Pictures in the material below are to be left out, and only the lines from the line with "Bride's mother smiling" up to and including the line with "Back view of" are to be written out exactly.

▶ **Supplied entries**:
=== Section Start ===
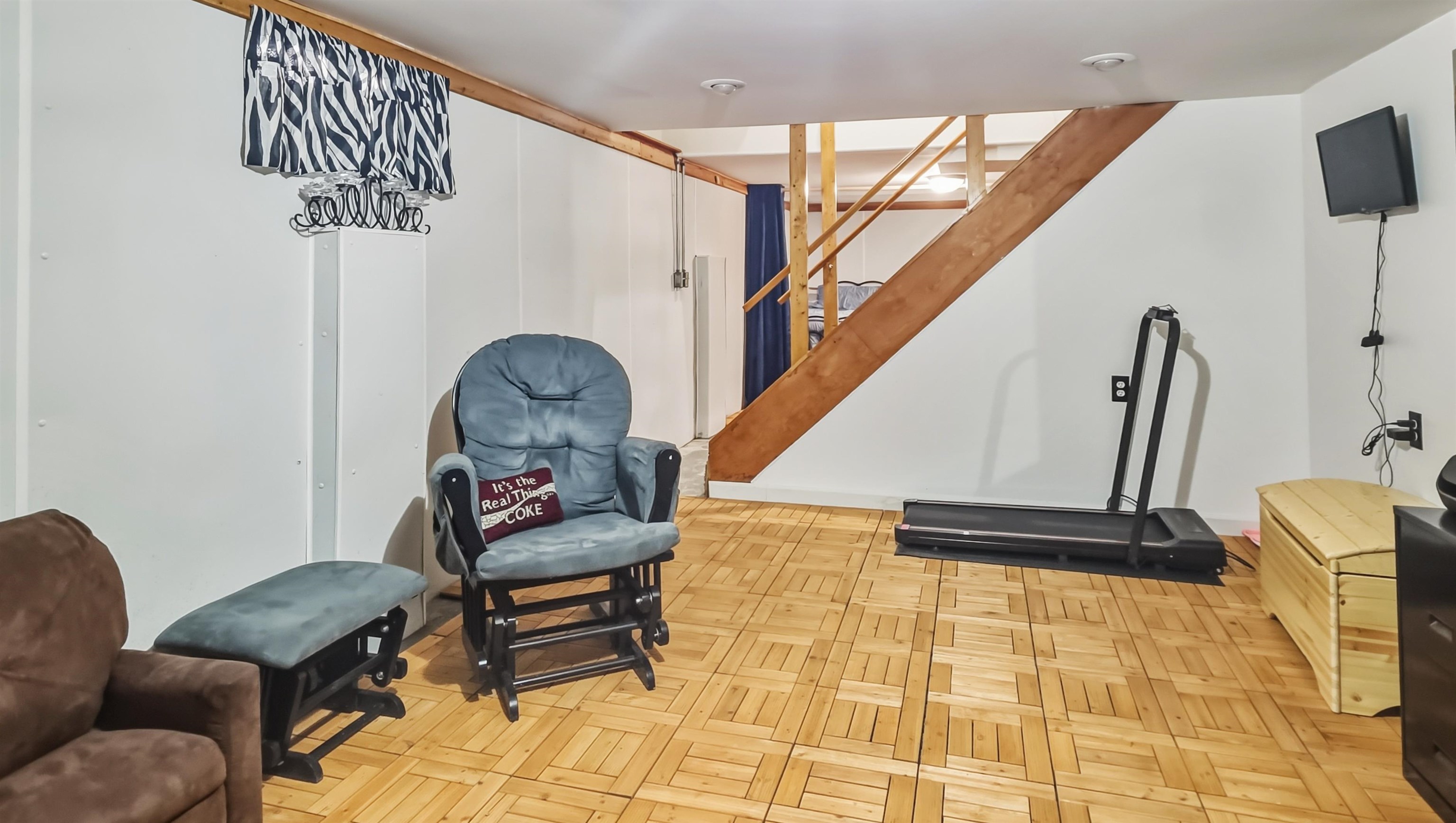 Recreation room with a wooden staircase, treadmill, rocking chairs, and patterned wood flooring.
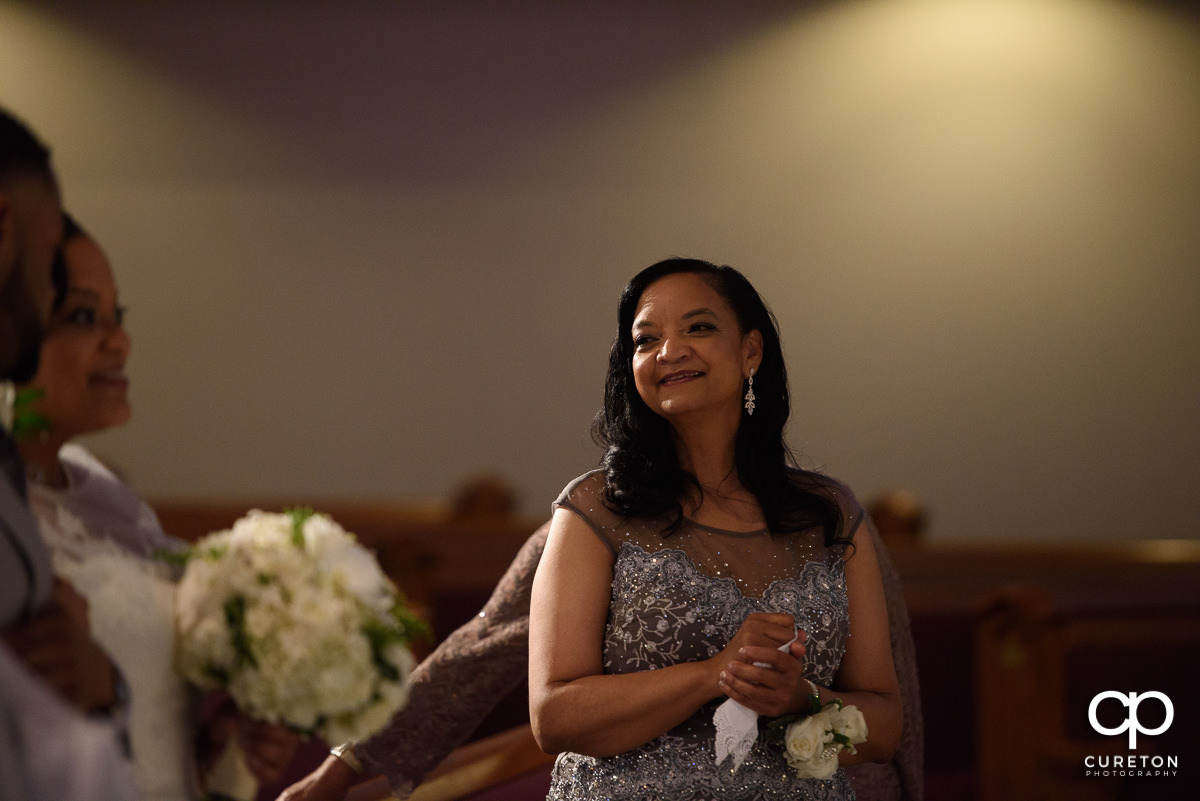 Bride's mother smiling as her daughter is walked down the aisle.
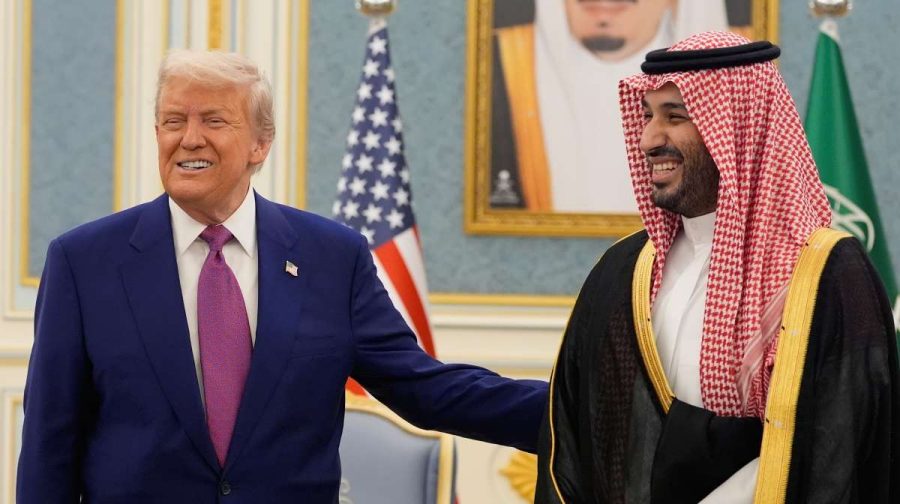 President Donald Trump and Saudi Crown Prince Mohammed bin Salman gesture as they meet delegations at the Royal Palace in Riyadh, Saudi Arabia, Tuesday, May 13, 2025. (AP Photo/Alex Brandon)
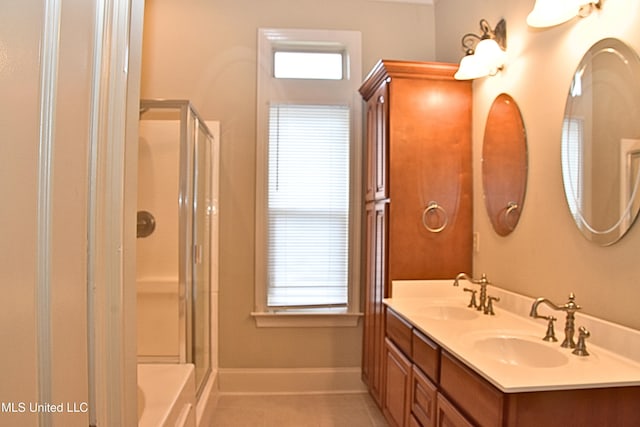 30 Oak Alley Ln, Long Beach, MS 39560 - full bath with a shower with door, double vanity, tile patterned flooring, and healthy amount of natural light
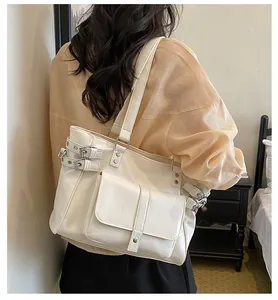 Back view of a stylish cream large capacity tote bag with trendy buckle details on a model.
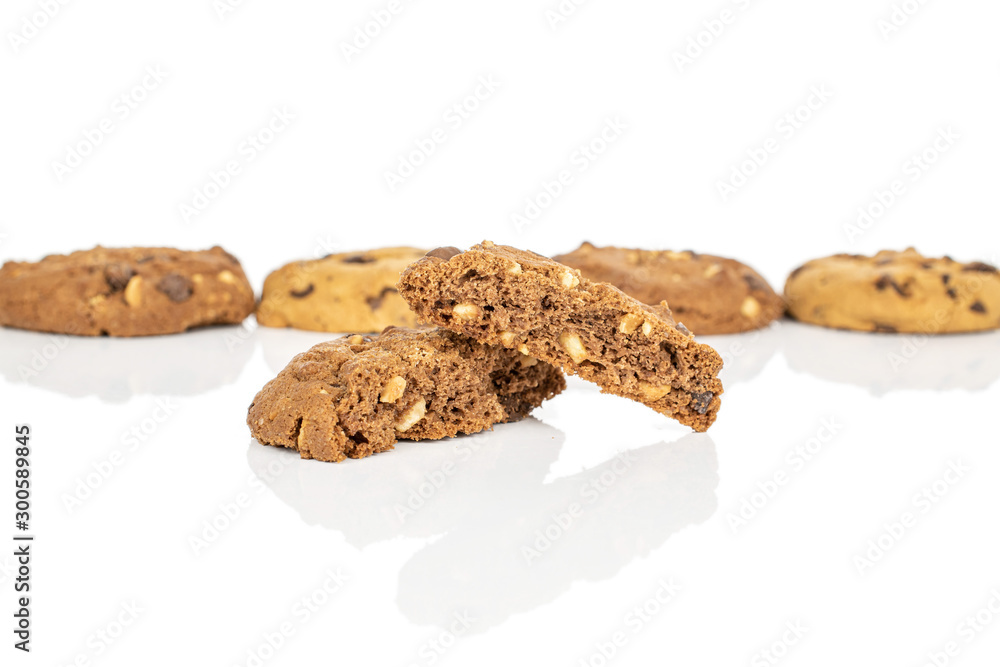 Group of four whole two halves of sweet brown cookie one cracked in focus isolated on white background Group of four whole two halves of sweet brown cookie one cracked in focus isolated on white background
=== Section End ===
=== Section Start ===
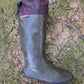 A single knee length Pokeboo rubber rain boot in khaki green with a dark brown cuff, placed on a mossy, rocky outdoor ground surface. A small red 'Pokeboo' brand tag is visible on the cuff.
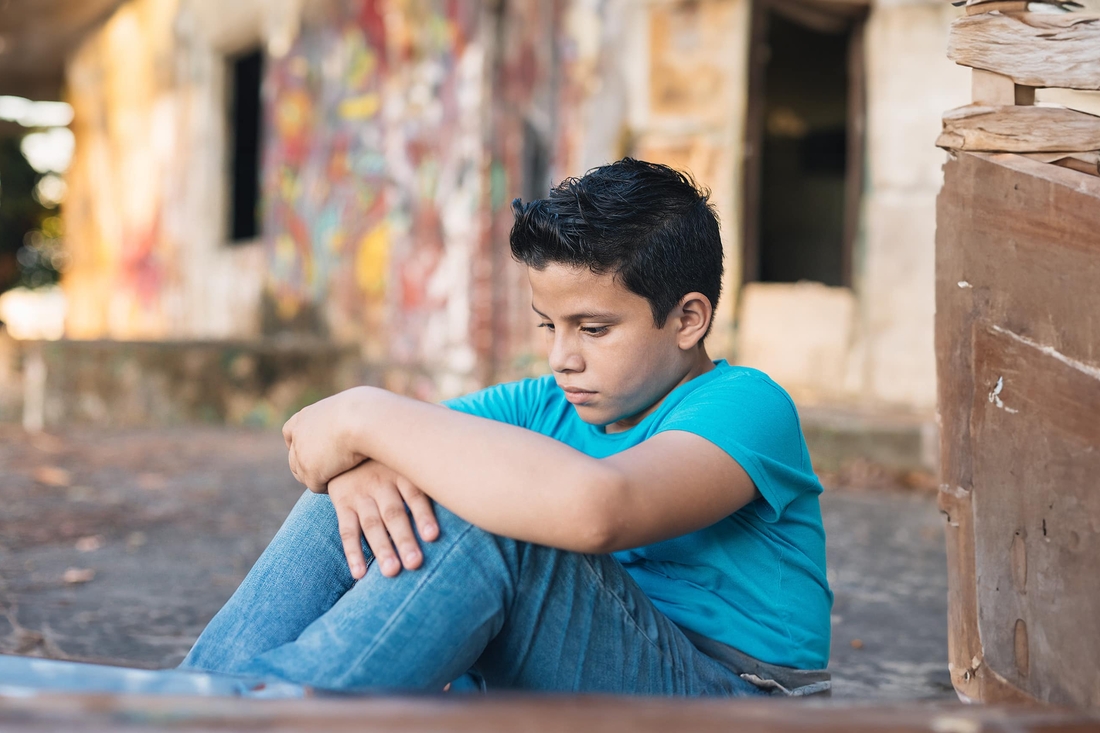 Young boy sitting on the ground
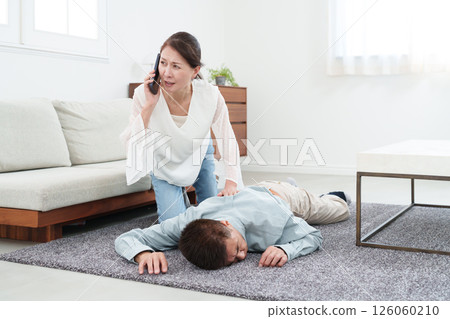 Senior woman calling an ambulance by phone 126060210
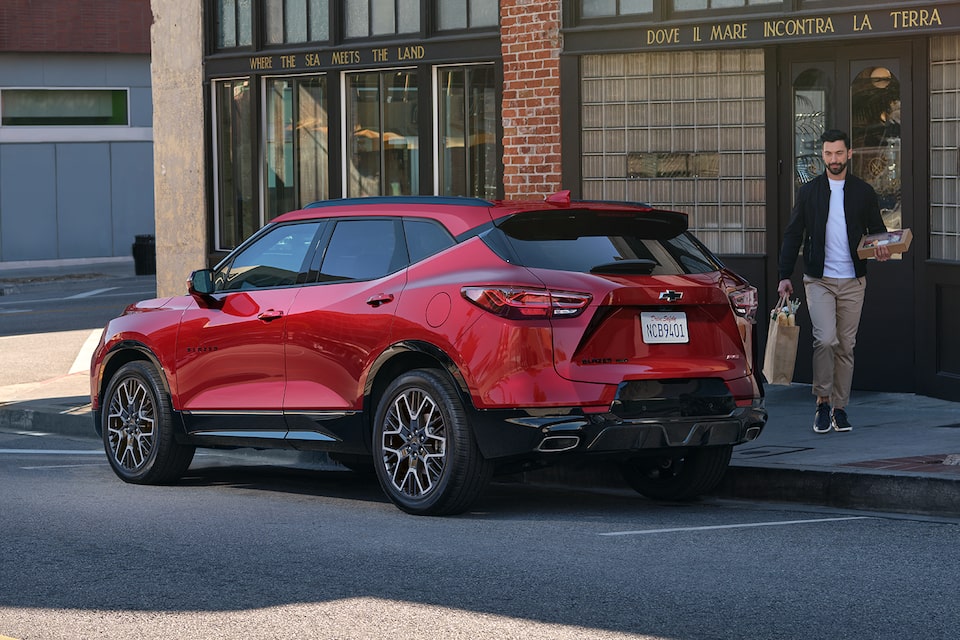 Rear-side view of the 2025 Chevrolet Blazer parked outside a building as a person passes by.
=== Section End ===
=== Section Start ===
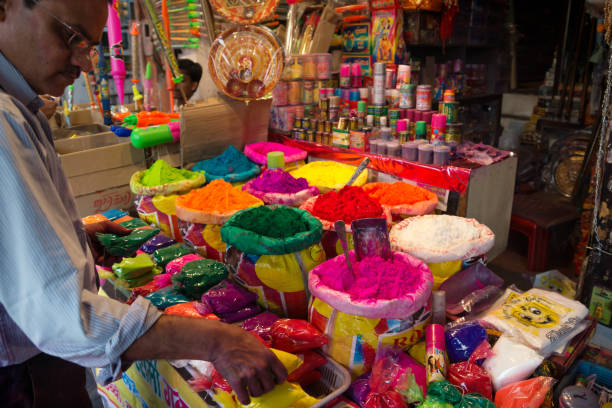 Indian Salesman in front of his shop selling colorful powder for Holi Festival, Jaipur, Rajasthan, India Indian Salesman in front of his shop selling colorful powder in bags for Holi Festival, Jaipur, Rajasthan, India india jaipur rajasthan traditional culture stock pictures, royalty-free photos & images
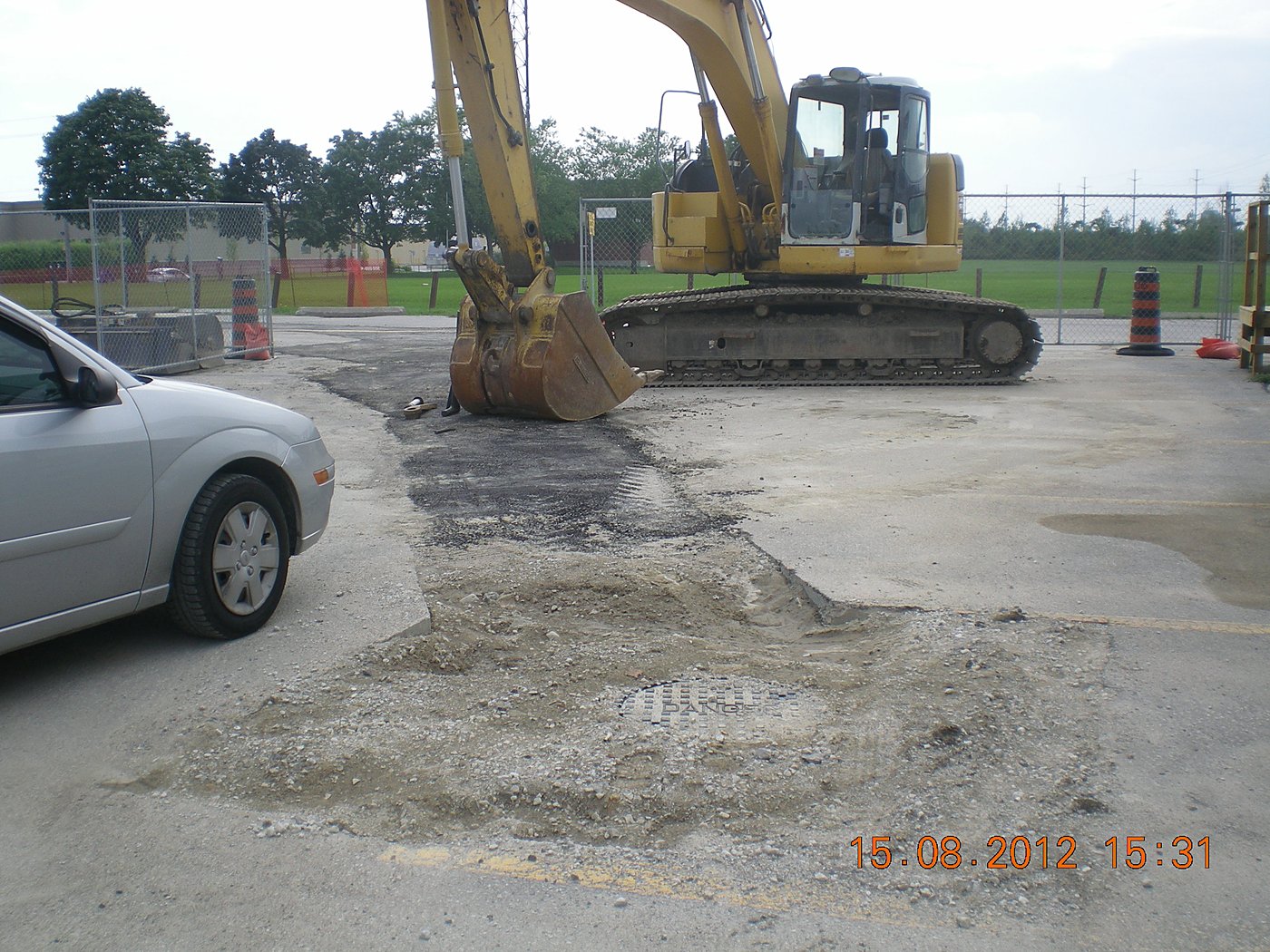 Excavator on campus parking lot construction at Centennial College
=== Section End ===
▶ **Solution for this task**:
 Bride's mother smiling as her daughter is walked down the aisle.
 President Donald Trump and Saudi Crown Prince Mohammed bin Salman gesture as they meet delegations at the Royal Palace in Riyadh, Saudi Arabia, Tuesday, May 13, 2025. (AP Photo/Alex Brandon)
 30 Oak Alley Ln, Long Beach, MS 39560 - full bath with a shower with door, double vanity, tile patterned flooring, and healthy amount of natural light
 Back view of a stylish cream large capacity tote bag with trendy buckle details on a model.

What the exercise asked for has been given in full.